# EXERCISE AIM
Every line of the material is to be repeated exactly as it stands.

:: MATERIAL PROVIDED

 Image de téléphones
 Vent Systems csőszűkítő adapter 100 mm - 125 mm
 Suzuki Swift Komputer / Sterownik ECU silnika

::::

# OUTPUT
 Image de téléphones
 Vent Systems csőszűkítő adapter 100 mm - 125 mm
 Suzuki Swift Komputer / Sterownik ECU silnika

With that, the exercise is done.